All of Percy's protagonists are male, and all experience pain, loss, loneliness, and confusion. A young husband navigates the emotional aftermath of a miscarriage; an adult son sees his father keen at the loss of his dog; a father kills his daughter's abusive boyfriend; an elderly brother plots the death of his brother because he's desired his wife all these years; a selfish husband meets his comeuppance in the middle of a deadly storm; and a son grieves over his father's abrupt disappearance.
The stories are dark and sometimes violent, but I don't see any other way to have written them. When such characters come to you and whisper in your ear, you have to snap to attention. You have to portray them with brutal honesty, without skipping the uncomfortable or unsavory parts. These characters do have something wickedly dismal about them, but nothing that should be foreign to any of us, if we are percipient about our own interior lives.
And it's another's interior life—that of Kasper Krone, the out–of–work, once famous clown—that the Danish novelist Peter Høeg writes about in his new book, The Quiet Girl, translated by Nadia Christensen.

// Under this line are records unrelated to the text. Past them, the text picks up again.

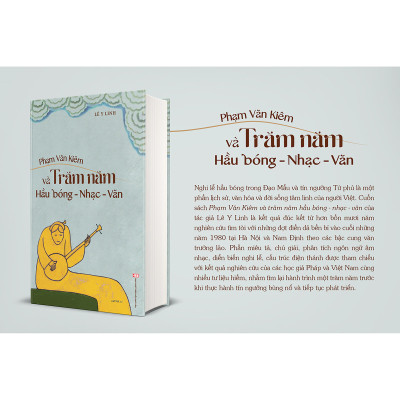 Phạm Văn Kiêm và trăm năm hầu bóng - nhạc - văn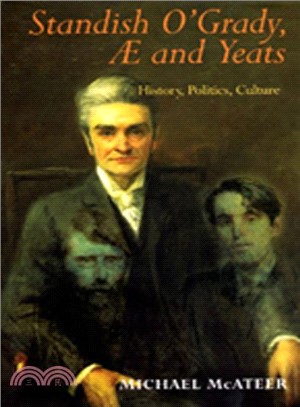 Standish O'Grady, Ae and Yeats ― History, Politics, Culture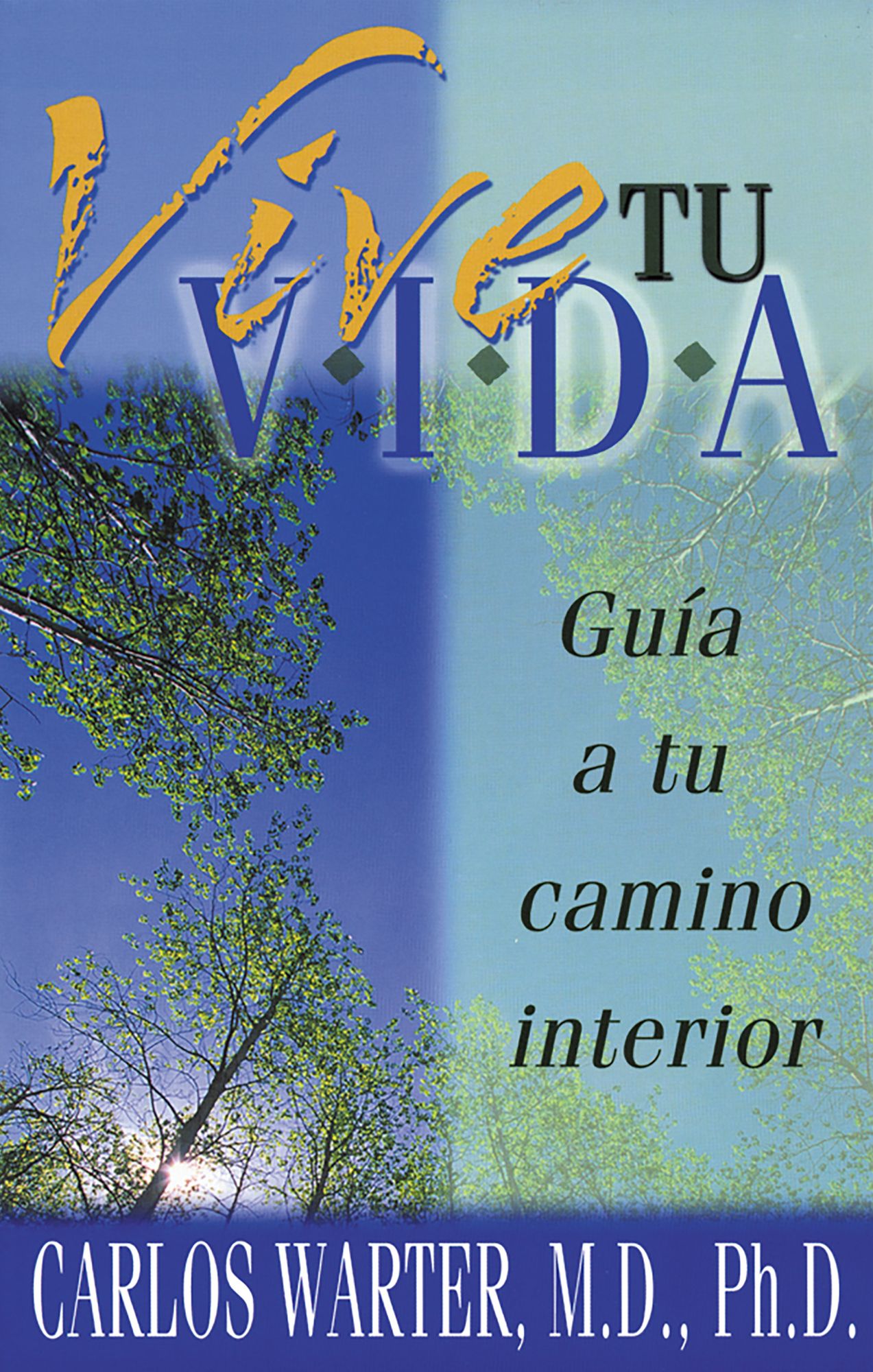 Vive Tu Vida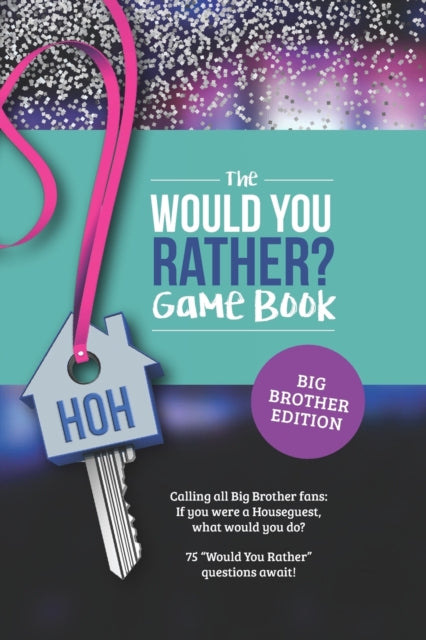 Book cover of: Would You Rather? Book for Big Brother Fans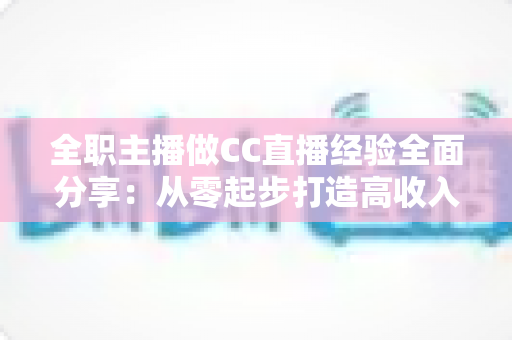 全职主播做CC直播经验全面分享：从零起步打造高收入直播间实战指南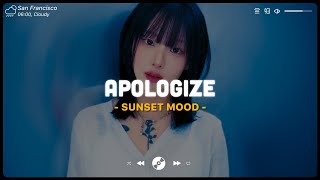 Apologize ♫ English Sad Songs 2024 Playlist ♫ Top hits 2024 playlist [upl. by Raclima]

If you've read Høeg's best–known novel, the internationally bestselling Smilla's Sense of Snow, you may be struck as I was by the similarities between the two books. Indeed, a one–sentence summary of both might read: Social misfit, using the help of an estranged father, attempts to rescue a helpless child from danger. Except that in Smilla's Sense of Snow, there seems to be a reason, a driving force, behind Smilla's need to solve the Inuit boy's murder. Here, in The Quiet Girl, it's unclear why Kasper Krone wants to save his nine–year–old former dance pupil from the clutches of her evil kidnappers.
Let me start at the beginning. After a childhood accident, Kasper acquires the uncanny ability to hear music with each person he encounters. For example, when he meets the girl's kidnappers, they have the sense of "D–minor, at its worst. As in Toccata and Fugue in D–Minor." Ostensibly, what drives Kasper to rescue the girl are two things: the girl has asked him to, in a covert meeting (this has its own set of problems, which I'll come to in a moment); and she possesses a silence about her, a peace that he wants and has never found. He is curious about this silence: "There are two types of silence … . There is the … silence behind prayer. The silence when one is close to the Divine … . And then there is the other silence. Hopelessly far from God."